Ben Desbrow, Joanna McCormack, Louise M. Burke, Gregory R. Cox, Kieran Fallon, Matthew Hislop, Ruth Logan, Nello Marino, Susan M. Sawyer, Greg Shaw, Anita Star, Helen Vidgen and Michael Leveritt
It is the position of Sports Dietitians Australia (SDA) that adolescent athletes have unique nutritional requirements as a consequence of undertaking daily training and competition in addition to the demands of growth and development. As such, SDA established an expert multidisciplinary panel to undertake an independent review of the relevant scientific evidence and consulted with its professional members to develop sports nutrition recommendations for active and competitive adolescent athletes.
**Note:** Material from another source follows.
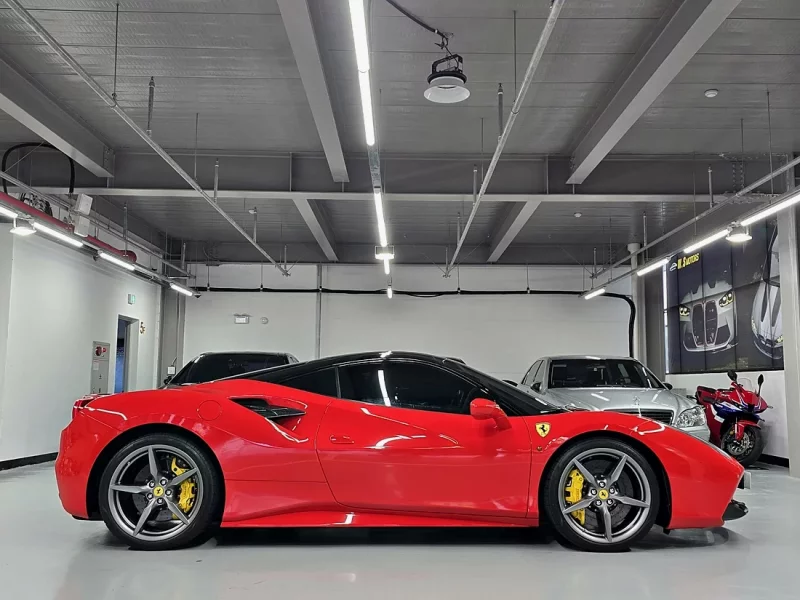 Ferrari 488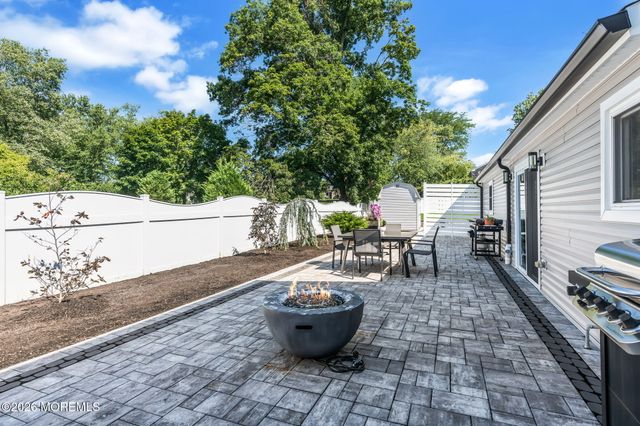 2 Girard Street, Marlboro, NJ 07746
The position of SDA is that dietary education and recommendations for these adolescent athletes should reinforce eating for long term health. More specifically, the adolescent athlete should be encouraged to moderate eating patterns to reflect daily exercise demands and provide a regular spread of high quality carbohydrate and protein sources over the day, especially in the period immediately after training. SDA recommends that consideration also be given to the dietary calcium, Vitamin D and iron intake of adolescent athletes due to the elevated risk of deficiency of these nutrients. To maintain optimal hydration, adolescent athletes should have access to fluids that are clean, cool and supplied in sufficient quantities before, during and after participation in sport. Finally, it is the position of SDA that nutrient needs should be met by core foods rather than supplements, as the recommendation of dietary supplements to developing athletes over-emphasizes their ability to manipulate performance in comparison with other training and dietary strategies.